Let’s also not forget that the Zionist Camp was formed by the merger of Labor with HaTehuah, itself an awkward alliance. Part of the agreement involved a rotation of prime ministers between Isaac Herzog and Tzipi Livni. This has happened only once in the past few decades in a 1984 Labor-Likud national unity government. There’s a good reason why it’s never happened since. There’s too much ego involved, too little willingness to share the “spoils” of power. I predict it won’t lead to a stable government.
Finally, unless the Joint List joins the government (again unlikely), there is little hope of a peace agreement with the Palestinians. Even with a center-left ideological composition, there isn’t enough will to compromise. You may hear the liberal-Zionist-friendly world media paint rosy portraits of the future, in the event this outcome materializes. But don’t believe them till you see the color of the money and the cards on the table.
There is one delicious irony about this election. At the rate Lieberman’s Party is currently polling, his Party may disappear altogether from Knesset. Those with good memory will remember it was Lieberman himself who spearheaded the legislation raising the threshold from 2.5 to 3.25%. At the time, he expected it would destroy the chances the Israeli Palestinian parties would be represented, since as distinct parties they could not cross the threshold. But they outsmarted him, joined together as a single Joint List, and he may be stuck picking up the pieces of his own political career come election day. “I’m lovin’ it!”
If this happens, it will have dramatic repercussions for the political future. The Israeli right is jockeying for position come the day Bibi retires from political life. Until now, the two main contenders have been Naftali Bennett and Lieberman. If Lieberman is eliminated from Knesset along with his entire Party, it will leave Bennett as the only logical standard bearer for the future. In fact, barring any major catastrophes, arrests, scandals, etc. he may be the future inheritor of the right-wing throne. I should add an asterisk here, as Moshe Kahlon is a wildcard. The former Likud darling’s Party has rallied from earlier poll results and appears to be making a last-minute surge. If that continues, he could become the new political flavor of the month, replacing Yair Lapid, who served that role in the last election.
Meretz too has been on the brink of elimination. They currently poll at 6 seats (earlier they were polling at 5). If they fall under 5 they too will disappear. Given their rise in the current poll, they appear safe (just barely).

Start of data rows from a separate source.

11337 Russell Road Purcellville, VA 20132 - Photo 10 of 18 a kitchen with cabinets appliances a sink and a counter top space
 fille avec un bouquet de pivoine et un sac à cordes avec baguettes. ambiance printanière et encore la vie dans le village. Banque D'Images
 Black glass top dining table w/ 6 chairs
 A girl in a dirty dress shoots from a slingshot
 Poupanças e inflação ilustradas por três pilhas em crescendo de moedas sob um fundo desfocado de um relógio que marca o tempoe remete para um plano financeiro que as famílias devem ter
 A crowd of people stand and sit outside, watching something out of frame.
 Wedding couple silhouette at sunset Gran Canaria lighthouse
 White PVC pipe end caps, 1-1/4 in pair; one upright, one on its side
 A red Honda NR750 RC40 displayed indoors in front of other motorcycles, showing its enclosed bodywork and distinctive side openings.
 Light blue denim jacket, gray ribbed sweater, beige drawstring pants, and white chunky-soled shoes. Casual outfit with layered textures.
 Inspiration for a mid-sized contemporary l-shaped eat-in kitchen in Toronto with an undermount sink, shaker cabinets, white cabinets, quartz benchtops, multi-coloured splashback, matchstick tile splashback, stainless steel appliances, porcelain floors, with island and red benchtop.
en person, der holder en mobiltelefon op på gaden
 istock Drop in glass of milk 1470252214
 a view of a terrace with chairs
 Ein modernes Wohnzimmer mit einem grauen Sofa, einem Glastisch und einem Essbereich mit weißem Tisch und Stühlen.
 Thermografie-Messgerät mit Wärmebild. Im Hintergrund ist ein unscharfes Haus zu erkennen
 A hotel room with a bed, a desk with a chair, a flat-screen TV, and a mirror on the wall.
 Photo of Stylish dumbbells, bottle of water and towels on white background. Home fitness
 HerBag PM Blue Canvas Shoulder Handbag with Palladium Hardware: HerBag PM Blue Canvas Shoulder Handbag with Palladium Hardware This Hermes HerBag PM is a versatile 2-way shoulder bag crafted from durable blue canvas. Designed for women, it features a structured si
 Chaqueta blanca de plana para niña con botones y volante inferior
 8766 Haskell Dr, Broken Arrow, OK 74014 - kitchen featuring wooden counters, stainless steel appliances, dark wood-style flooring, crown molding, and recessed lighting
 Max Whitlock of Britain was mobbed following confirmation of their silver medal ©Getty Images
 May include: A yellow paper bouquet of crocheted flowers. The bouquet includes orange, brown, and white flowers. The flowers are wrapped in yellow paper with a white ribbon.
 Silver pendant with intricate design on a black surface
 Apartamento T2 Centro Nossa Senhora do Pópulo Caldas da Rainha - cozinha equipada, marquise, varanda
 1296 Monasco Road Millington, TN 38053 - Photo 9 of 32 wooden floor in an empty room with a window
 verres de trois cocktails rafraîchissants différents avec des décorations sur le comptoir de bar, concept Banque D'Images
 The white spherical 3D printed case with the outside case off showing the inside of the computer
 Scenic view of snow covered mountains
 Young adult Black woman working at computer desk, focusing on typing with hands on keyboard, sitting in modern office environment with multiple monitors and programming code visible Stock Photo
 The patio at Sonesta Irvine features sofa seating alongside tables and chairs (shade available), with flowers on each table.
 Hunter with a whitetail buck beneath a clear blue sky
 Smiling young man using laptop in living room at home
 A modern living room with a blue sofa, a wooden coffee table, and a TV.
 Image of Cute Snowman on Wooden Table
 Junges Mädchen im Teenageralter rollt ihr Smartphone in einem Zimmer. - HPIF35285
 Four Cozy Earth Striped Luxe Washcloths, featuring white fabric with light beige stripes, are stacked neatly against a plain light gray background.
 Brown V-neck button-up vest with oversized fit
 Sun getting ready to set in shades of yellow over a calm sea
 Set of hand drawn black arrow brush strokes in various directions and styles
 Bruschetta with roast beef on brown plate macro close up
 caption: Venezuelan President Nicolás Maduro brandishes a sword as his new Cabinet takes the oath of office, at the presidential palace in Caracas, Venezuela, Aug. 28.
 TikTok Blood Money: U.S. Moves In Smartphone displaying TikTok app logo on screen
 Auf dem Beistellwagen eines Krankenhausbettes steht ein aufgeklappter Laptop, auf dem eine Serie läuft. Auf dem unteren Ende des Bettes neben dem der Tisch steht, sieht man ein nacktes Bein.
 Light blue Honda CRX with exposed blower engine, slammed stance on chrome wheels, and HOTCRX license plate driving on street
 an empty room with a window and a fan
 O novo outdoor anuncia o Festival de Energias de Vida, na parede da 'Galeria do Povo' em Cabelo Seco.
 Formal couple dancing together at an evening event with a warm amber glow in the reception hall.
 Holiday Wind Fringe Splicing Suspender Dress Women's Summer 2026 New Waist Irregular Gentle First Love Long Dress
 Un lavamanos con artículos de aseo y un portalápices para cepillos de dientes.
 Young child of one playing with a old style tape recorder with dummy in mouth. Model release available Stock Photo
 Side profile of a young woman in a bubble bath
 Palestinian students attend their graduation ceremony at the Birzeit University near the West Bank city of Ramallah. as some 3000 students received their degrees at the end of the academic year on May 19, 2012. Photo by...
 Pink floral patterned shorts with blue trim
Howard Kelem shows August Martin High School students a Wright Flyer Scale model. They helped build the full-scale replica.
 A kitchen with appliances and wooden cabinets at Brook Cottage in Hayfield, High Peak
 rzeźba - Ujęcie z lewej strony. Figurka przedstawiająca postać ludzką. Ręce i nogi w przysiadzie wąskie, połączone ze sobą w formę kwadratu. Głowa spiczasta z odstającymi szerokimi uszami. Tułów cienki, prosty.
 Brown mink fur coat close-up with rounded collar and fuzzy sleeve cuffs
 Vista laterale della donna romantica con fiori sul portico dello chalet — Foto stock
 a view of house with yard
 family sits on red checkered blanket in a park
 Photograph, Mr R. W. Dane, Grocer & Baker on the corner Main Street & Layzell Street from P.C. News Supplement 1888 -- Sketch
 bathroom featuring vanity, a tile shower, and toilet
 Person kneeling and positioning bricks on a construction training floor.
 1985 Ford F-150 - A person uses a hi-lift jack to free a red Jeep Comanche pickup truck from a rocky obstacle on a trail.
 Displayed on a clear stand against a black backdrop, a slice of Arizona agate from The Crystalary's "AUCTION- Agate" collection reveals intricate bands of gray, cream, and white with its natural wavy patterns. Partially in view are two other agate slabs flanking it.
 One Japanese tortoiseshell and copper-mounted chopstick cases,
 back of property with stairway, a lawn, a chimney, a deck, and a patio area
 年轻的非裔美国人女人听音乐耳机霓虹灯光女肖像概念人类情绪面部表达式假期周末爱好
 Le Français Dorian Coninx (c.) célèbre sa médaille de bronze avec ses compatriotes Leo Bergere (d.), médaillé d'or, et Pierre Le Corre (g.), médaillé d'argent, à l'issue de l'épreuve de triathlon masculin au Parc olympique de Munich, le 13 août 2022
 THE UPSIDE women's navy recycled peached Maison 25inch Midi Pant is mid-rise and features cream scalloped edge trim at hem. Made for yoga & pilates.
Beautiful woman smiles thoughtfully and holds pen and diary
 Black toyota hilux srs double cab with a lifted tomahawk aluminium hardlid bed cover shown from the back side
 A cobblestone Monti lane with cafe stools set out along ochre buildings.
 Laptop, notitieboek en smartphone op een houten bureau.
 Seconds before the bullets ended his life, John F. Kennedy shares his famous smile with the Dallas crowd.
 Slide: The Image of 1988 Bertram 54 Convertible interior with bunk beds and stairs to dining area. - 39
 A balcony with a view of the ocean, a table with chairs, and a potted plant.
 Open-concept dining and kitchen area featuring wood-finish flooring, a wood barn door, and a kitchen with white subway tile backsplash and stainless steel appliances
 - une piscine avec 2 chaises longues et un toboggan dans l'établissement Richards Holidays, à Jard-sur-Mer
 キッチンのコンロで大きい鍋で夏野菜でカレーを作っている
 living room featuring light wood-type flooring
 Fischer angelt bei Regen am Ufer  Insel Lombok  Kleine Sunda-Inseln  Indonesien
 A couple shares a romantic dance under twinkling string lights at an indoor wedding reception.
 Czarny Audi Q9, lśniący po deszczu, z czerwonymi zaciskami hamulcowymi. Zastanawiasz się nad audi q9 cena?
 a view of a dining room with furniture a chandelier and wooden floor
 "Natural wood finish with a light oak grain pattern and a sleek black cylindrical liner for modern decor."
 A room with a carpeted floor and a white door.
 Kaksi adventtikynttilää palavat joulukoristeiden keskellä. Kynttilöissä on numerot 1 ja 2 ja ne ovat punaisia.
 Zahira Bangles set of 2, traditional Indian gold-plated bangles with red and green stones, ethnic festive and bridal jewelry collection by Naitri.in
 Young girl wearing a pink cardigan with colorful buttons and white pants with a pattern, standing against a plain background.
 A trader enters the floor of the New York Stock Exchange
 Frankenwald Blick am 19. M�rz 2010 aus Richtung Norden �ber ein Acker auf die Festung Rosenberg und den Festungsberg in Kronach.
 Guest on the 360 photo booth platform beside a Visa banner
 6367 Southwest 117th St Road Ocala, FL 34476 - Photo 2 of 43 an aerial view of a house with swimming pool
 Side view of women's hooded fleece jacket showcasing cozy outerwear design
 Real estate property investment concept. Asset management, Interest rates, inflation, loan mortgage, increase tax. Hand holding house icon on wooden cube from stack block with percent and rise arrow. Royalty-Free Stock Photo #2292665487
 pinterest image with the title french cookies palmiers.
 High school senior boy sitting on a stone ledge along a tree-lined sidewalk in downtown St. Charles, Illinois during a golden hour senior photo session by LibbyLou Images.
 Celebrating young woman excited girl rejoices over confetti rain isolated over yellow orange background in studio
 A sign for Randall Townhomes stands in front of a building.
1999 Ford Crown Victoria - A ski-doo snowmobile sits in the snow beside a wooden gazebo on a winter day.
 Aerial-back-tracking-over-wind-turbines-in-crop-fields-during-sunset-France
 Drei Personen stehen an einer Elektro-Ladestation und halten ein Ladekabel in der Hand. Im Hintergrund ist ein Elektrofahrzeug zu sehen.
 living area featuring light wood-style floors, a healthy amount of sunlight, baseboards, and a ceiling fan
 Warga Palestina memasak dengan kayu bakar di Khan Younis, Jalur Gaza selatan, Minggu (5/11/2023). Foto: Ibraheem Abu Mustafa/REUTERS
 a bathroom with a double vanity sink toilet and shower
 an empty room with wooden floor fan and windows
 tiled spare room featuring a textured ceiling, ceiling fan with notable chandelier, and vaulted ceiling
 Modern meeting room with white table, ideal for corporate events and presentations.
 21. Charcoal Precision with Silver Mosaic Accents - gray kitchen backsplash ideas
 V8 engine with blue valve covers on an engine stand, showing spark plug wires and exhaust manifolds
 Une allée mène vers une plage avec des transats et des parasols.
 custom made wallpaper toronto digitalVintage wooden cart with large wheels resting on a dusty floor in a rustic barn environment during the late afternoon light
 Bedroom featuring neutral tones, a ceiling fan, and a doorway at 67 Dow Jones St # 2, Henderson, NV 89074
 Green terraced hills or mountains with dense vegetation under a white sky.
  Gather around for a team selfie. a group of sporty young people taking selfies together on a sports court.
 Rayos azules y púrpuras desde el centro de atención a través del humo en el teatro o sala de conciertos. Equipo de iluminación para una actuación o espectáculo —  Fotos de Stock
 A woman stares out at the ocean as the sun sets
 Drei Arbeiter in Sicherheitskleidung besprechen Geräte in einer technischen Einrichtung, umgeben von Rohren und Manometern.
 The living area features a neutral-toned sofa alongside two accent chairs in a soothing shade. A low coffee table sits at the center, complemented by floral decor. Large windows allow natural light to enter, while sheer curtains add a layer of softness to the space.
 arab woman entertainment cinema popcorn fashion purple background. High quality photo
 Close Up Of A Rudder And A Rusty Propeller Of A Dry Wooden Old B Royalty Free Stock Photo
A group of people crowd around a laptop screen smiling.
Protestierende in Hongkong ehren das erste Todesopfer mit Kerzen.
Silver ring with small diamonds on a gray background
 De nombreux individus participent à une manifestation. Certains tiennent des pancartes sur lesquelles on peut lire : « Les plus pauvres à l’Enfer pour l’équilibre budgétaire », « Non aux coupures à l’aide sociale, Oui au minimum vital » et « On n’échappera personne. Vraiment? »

As an addendum, let’s not forget the undecided voters. From 15-20% have still not made up their minds. My guess is that many of them are former Likud voters disgusted with Netanyahu and unsure whether to return to Likud or switch to Bennett or Lieberman. If I’m right, there could be some uptick in the results for any of these three parties.
This article profiles the undecided voters and notes they are 16% of the total. They are 2/3 women, 63% secular and 56% consider social-economic issues to be primary. That would bode well for Kahlon’s Kulanu Party, since he’s made this an important part of his platform. You’ll recall in the last election no one predicted Yesh Atid’s come-from-nowhere showing of 19 seats. It’s entirely possible this time many of the undecided will move from being former Likud to Kulanu voters. That could sweep the latter past the Joint List as third largest Party, and make it a kingmaker between a left or right-wing coalition. Keep in mind that Kahlon is a former Likud minister. As such his heart will be more in a coalition with his former political colleagues on the right.